Estimated reading time: 1 mins
I just found this interesting post (below) on the valleywag blog, naming the 10 worst workplaces, according to their own research. I don’t think the research was done scientifically (so read it with a tongue-in-cheek). However, it does raise an interesting subject; does your workspace encourage you to work hard, give 110% and enjoy your work?
Numerous research papers suggest that your workspace influences your motivation, energy and well-being. Gone are the days (I hope in all cases) where technical people were pushed down into the basement floors, never to see sunlight. But is the modern workspace condusive to healthy, productive and enjoyable work? Take a look around you at your workplace and see for yourself. Can you see sunlight or an outside space? Can you see your co-workers? Is the environment noisy, or quiet? What about the temperature? Can you personalize your space, or does your organization enforce a clear-desk or hotdesk policy? These conditions do have an effect on productivity.
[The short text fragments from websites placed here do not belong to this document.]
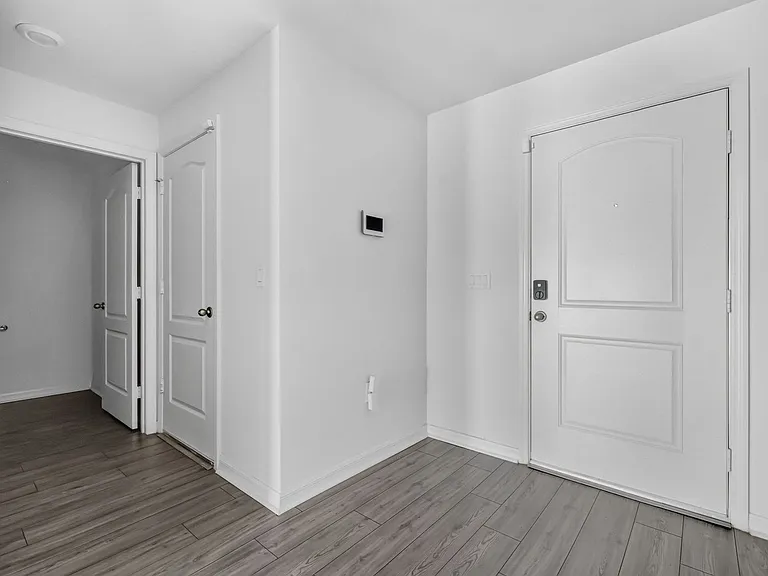 1564 Wynford Cir — Photo 11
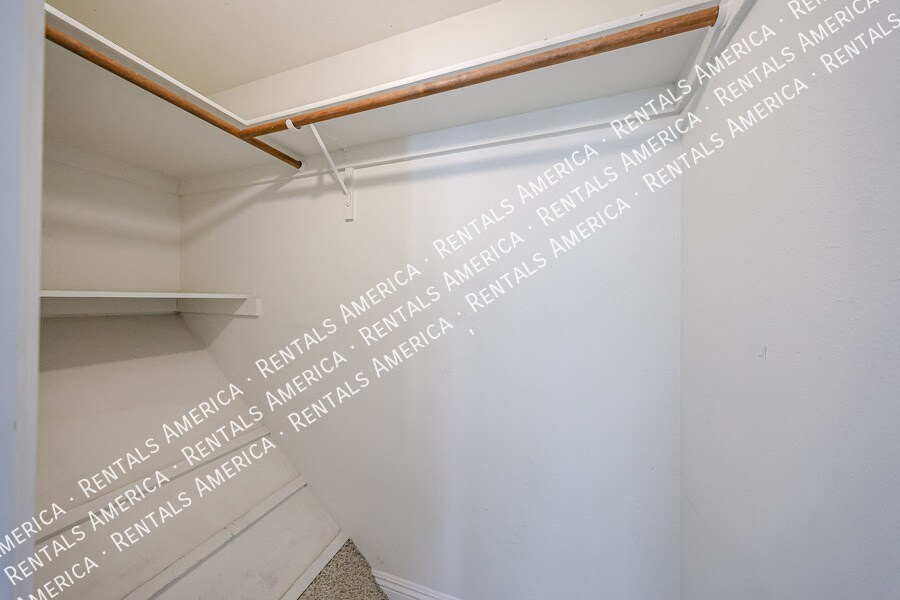 Building Photo - 8825 S 48th St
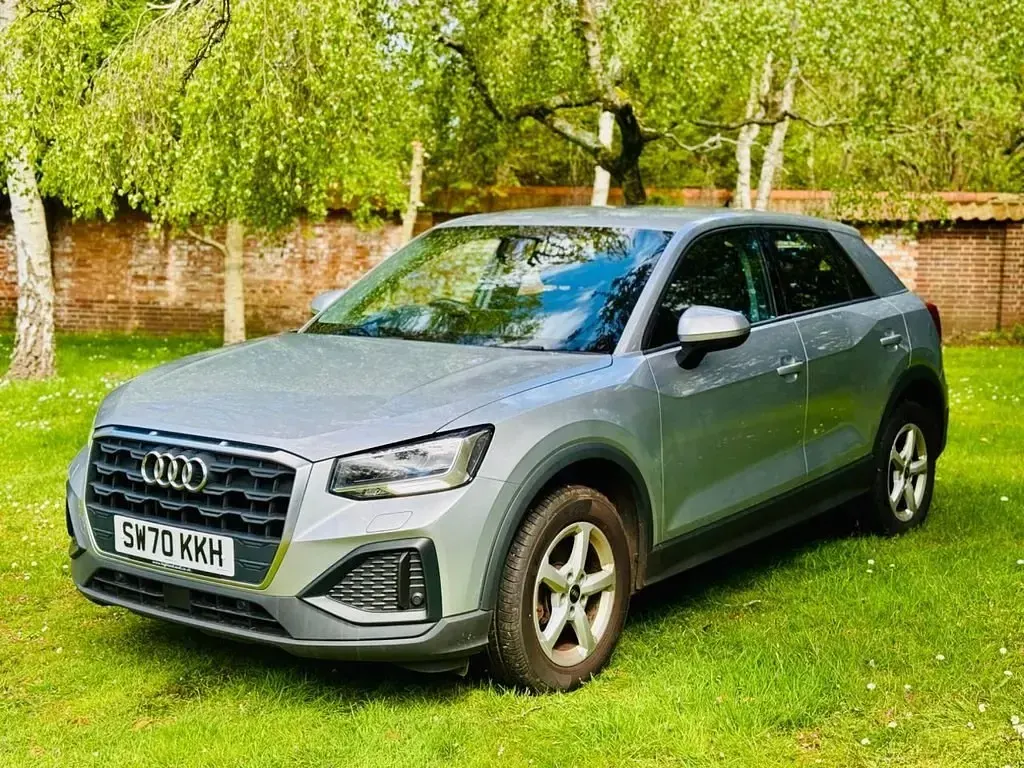 Begagnad Audi Q2 Design 110 HK (80 kW) 2021 Silver SUV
A number of people I’ve coached didn’t realize this. In some cases they felt that their productivity was below their own expectation, and sometimes energy levels were under the required level to do their job. In a few of these cases, we concluded that their work environment, if changed, could resolve these issues and in every case but one, it did. For example, a programmer asked to have the partitions in her cubicle lowered to allow more sunlight into her workspace. She found that this had a psychogical effect and increased her energy and motivation. In another example, a product tester moved her cubicle away from the office door to reduce the amount of noise and to limit distraction. Testing productivity increased by about 25%. Conversely, a different example was the opposite, where a lonely business analyst moved towards the office door so that she would experience ‘passing traffic’ and engaged with colleagues much more. She discovered that this greater level of engagement made her feel more connected with the work of others and she received feedback on the quality of her work.
These examples show that sometimes a simple environment change can solve problems that might have otherwise persisted.